§ WORK TASK
Set down exactly the lines below between the line holding "WE HAVE THE" and the line holding "DX DESIGNS Cadre", inclusive; no other line belongs in the answer.

*** Opening of DATA SHOWN ***

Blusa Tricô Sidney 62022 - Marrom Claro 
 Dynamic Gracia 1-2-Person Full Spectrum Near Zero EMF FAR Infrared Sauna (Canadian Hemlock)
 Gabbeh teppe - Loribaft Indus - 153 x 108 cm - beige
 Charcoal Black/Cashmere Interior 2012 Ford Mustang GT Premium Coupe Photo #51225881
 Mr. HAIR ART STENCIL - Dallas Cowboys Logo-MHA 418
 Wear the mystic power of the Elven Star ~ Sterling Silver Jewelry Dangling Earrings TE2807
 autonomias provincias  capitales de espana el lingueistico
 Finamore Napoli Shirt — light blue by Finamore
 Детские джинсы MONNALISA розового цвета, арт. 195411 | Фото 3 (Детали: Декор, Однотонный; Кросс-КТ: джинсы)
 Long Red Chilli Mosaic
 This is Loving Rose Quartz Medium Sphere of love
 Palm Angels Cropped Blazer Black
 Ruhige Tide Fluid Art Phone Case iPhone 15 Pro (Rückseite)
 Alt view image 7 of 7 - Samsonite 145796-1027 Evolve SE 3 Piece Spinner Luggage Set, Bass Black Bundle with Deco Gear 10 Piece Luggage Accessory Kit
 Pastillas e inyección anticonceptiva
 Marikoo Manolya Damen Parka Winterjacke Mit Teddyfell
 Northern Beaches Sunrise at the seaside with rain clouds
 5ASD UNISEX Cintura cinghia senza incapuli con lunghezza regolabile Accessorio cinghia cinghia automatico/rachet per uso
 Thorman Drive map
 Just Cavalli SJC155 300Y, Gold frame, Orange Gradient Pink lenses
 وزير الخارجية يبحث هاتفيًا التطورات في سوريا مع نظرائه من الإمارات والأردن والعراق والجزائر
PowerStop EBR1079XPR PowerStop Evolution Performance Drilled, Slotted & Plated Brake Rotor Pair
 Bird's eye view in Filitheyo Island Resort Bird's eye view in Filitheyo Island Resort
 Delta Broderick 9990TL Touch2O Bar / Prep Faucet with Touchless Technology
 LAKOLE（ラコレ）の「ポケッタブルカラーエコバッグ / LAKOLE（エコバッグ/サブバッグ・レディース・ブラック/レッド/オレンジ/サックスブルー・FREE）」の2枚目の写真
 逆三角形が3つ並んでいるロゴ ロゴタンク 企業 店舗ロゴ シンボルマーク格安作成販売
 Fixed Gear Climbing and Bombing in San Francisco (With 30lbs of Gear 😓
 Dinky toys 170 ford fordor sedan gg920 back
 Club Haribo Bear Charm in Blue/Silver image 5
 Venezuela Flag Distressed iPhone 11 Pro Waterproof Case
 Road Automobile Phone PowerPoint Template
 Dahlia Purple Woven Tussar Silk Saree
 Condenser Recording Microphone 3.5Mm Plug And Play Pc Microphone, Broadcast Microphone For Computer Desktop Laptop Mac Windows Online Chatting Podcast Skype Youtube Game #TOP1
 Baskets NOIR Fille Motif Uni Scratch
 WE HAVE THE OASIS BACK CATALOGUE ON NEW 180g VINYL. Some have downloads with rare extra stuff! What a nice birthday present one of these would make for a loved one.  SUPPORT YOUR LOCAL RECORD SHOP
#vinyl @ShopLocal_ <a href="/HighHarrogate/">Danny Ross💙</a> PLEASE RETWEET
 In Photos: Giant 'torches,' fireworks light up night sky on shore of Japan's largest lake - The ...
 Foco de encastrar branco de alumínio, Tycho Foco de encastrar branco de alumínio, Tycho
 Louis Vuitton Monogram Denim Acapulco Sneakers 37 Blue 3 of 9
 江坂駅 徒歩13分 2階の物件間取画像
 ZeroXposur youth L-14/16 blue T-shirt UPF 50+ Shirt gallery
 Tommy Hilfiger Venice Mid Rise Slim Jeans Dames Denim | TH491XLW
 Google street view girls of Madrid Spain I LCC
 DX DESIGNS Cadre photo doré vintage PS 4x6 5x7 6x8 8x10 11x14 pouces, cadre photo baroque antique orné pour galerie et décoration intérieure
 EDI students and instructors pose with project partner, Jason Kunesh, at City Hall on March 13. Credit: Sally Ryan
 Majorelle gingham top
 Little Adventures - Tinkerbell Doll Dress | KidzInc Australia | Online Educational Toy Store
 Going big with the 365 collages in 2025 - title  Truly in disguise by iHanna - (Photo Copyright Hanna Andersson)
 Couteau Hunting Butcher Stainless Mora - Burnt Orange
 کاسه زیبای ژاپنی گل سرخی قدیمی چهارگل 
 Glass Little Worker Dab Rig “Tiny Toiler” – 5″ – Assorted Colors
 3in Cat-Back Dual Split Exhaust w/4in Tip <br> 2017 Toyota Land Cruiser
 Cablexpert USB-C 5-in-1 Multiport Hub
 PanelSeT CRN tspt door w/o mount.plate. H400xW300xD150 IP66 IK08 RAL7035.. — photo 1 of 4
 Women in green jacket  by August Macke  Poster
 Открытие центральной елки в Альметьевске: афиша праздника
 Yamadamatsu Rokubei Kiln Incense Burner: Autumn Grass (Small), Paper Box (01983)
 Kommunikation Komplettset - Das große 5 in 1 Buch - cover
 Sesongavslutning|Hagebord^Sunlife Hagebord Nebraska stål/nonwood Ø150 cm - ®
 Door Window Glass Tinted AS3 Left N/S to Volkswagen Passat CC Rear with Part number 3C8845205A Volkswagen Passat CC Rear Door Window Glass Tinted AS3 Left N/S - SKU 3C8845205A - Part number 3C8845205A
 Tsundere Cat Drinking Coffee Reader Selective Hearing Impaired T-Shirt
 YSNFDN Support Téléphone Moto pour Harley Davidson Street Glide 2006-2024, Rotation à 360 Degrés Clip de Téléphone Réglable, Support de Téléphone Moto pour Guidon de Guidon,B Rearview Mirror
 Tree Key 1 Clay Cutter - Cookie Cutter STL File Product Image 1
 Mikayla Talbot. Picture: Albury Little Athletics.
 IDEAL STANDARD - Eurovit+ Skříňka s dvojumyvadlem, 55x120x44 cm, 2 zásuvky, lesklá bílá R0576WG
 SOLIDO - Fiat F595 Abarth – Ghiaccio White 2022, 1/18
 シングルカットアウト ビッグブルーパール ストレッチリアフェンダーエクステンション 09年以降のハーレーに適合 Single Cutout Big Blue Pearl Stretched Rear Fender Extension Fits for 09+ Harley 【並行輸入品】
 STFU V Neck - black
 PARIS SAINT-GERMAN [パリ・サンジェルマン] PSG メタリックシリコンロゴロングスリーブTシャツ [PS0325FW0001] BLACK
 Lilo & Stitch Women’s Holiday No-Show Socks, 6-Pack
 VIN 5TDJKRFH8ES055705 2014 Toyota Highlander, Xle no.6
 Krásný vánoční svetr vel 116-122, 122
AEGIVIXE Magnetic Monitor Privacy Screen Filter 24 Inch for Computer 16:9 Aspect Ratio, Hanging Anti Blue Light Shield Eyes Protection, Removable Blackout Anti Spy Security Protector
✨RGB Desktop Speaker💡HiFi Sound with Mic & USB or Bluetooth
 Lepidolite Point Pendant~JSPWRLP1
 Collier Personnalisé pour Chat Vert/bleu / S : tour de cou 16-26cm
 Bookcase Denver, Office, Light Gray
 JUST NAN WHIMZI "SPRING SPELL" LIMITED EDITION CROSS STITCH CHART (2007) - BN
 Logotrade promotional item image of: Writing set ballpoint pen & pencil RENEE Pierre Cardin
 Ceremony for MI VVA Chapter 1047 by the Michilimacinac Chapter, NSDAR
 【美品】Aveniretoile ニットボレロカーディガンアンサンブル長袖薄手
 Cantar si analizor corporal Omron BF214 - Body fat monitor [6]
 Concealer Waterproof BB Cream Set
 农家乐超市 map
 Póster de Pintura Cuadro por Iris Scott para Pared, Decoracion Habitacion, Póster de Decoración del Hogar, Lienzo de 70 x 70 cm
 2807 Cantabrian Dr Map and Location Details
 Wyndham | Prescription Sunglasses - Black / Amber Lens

*** Close of DATA SHOWN ***

§ RESPONSE TO THIS EXERCISE
 WE HAVE THE OASIS BACK CATALOGUE ON NEW 180g VINYL. Some have downloads with rare extra stuff! What a nice birthday present one of these would make for a loved one.  SUPPORT YOUR LOCAL RECORD SHOP
#vinyl @ShopLocal_ <a href="/HighHarrogate/">Danny Ross💙</a> PLEASE RETWEET
 In Photos: Giant 'torches,' fireworks light up night sky on shore of Japan's largest lake - The ...
 Foco de encastrar branco de alumínio, Tycho Foco de encastrar branco de alumínio, Tycho
 Louis Vuitton Monogram Denim Acapulco Sneakers 37 Blue 3 of 9
 江坂駅 徒歩13分 2階の物件間取画像
 ZeroXposur youth L-14/16 blue T-shirt UPF 50+ Shirt gallery
 Tommy Hilfiger Venice Mid Rise Slim Jeans Dames Denim | TH491XLW
 Google street view girls of Madrid Spain I LCC
 DX DESIGNS Cadre photo doré vintage PS 4x6 5x7 6x8 8x10 11x14 pouces, cadre photo baroque antique orné pour galerie et décoration intérieure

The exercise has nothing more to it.